The reason why I suggested to drop "Entry" from the method names is to keep it consistent with the current naming in the javaslang collection. A lot of methods return Tuple2 (equivalent of Map.Entry) and we do not name them "Entry". Examples are get(), head(), last(), min(), max(). In the java.util.Map hierarchy, these methods would return the value and not the Map.Entry.

I get your point we need to maximise recognition with the original Java 8 method names. But also we need to balance this with building a cohesive library with consistent names.

So what do you think, "Entry" or no "Entry"? ;)

eduardmanas on 22 Apr 2016

Also, I noticed an inconsistency with the head()/tail() method names. head() returns the first item of the map, but tail() returns a TreeMap without the first element.

Also, last() returns the last item in the Map, but there is no natural counterpart called first() (it is currently called head())

What if we deprecate both head() and tail() for inconsistent, and we add the following methods to the new NavigableMap interface:

* TreeMap<K, V> headMap() // returns the head of the tree without the last item - equivalent of headMap(last(), false)
* TreeMap<K, V> tailMap() // returns the tail of the tree without the first item - equivalent of tailMap(first(), false)
* first() // Returns the first item - equivalent of min().getOrElseThrow()

Update:
On a closer look, it seems the inconsistency comes from the Traversable interface, where we use head() to get the first item and last() to get the last item. Is there any reason why we used head() instead of first()?

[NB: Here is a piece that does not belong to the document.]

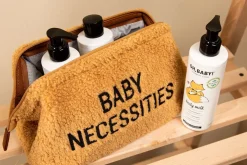 Outlet Childhome Baby Necessities Toilettas - Teddy Bruin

Similarly, it would feel more natural if head() had been the natural counterpart of the existing tail() returning Traversable<T>.

eduardmanas on 22 Apr 2016

👍1

Is there any reason why we used head() instead of first()?

we try to be as close as possible to Scala API

ruslansennov on 22 Apr 2016

👍2

head↔last (first↔last)
init↔tail (all - last)↔(all - first)

I agree that the naming is quote unfortunate, but functional programming is filled with these (e.g. List.map will return a List (not a Map), filter (will this return those that match or those that don't?) instead of find ... or simply Java's String instead of Text or something... and let's not get started on flatMap or foldRight).

Groovy dared to rename some of these -- which make a lot more sense in my opinion --, but since Javaslang is meant as a Scala alternative for Java (I think), it might be best to appeal to existing Scala users.

ps. I would vote for no *Entry, we're not following Java conventions (and not returning an Entry)

paplorinc on 22 Apr 2016

You are right. The current javaslang implementation is a port of the Traversable Scala trait. I think we should keep it as it is. It will confuse some Java programmers at the beginning (like me!), but at least it is consistent with the Scala port.

It anything, we might want to consider adding first()/firstOption() to Traversable as an alternative to head()/headOption(). It would feel more natural to people coming from a Java background.

eduardmanas on 22 Apr 2016

I prefer not to provide alternatives to give a clear path to do things. We currently have one exception: length() and size()

I've read a bit ... Daniel C. Sobral writes that a persistent version can't have back references. Therefore we need an ordering. The ordered collections of Javaslang are based on a RedBlackTree. Is there an efficient way to seach neighbors in a binary tree?

rmleon/GorillasCollection has an example of a NavigableMap interface.

danieldietrich on 22 Apr 2016

:+1: for not naming the methods *Entry

danieldietrich on 22 Apr 2016

I have two implementations to calculate the floor in RedBlackTree:

Option 1: "uglier" imperative approach and faster (but not too ugly)
Option 2: "nicer" functional approach and slower (but not too slow)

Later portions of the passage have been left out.